DATA EXTRACT Start Marker

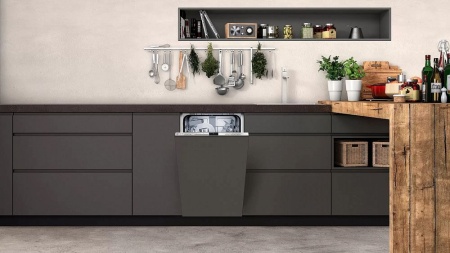 Посудомоечная машина NEFF S853IKX50R купить с доставкой по Москве и Московской области в интернет-магазине ТехноВегас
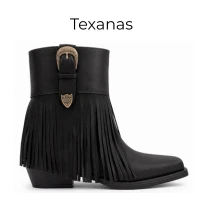 Texanas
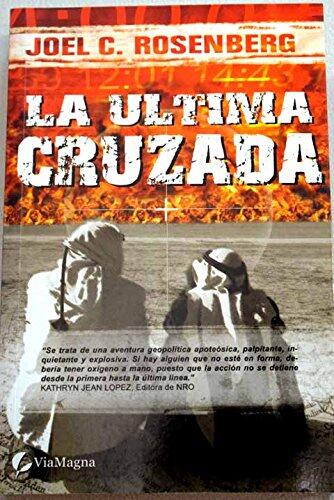 La Ultima Cruzada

DATA EXTRACT End Marker

TASK PROMPT: All of the material shown above needs to be duplicated exactly. Omit every picture.

EXERCISE SOLUTION:
 Посудомоечная машина NEFF S853IKX50R купить с доставкой по Москве и Московской области в интернет-магазине ТехноВегас
 Texanas
 La Ultima Cruzada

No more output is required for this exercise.